Slashdot Mirror


Latest Proposals for C++0x

CodeDemon writes "It looks like the ISO/IEC JTC1/SC22/WG21 working group has made some headway in reviewing new proposals for the C++ language. The long anticipated upgrade for C++, C++0x, may be just around the corner. Head on over to check out the proposals yourself."

3 of 911 comments (clear)

  1. Re:where does the name come from? by Joe+Decker · · Score: 5, Informative

    Language revs are often referred to by the year of the completion of their standardizatioin (e.g., C++98.) The next C++ would presumably be somewhere in this decade, e.g., C++05 or so, but of course nobody is sure what year the work would be completed in, ergo C++0x.

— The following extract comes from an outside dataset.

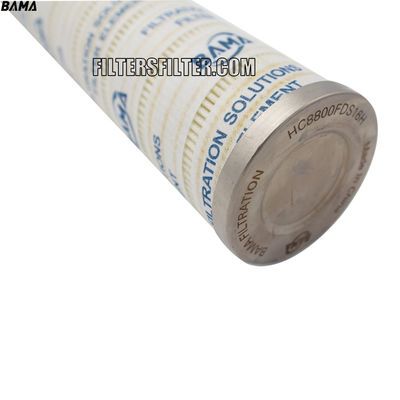 HC8800FDS16H Hidráulica de filtros de presión para camiones para el rendimiento de los equipos de restaurantes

  2. Re:Why C didn't progress to D.. by td · · Score: 4, Informative

    B didn't come from anything called A, but from a language called bon, named for Ken Thompson's wife Bonnie. (At least, that's what Ken says, but he's famous for pulling the legs of people who drool over stupid trivia from his past.) The inspiration for bon was Martin Richards' BCPL, a stripped version of Christopher Strachey's [et al] CPL (Combined Programming Language, I think; the B in BCPL is for Bootstrap or Basic, sources differ.) It doesn't stretch the truth too far to think of B as an even-more stripped down BCPL.

    --
    -Tom Duff
  3. Who cares? by KalvinB · · Score: 4, Informative

    The extra bloat in Visual Basic is forced into my projects wether I use it or not.

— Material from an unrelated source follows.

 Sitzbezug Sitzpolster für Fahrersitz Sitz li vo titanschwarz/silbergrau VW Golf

    C++ on the other hand can have all the extra stuff it wants and it doesn't affect my project. If I don't wan to use templates or whatever, I don't have to. And the compiler won't force me to include anything.

    Whining about C++ having too many features is like bitching that Baskin Robbins has too many flavors. Nobody is forcing you to buy them.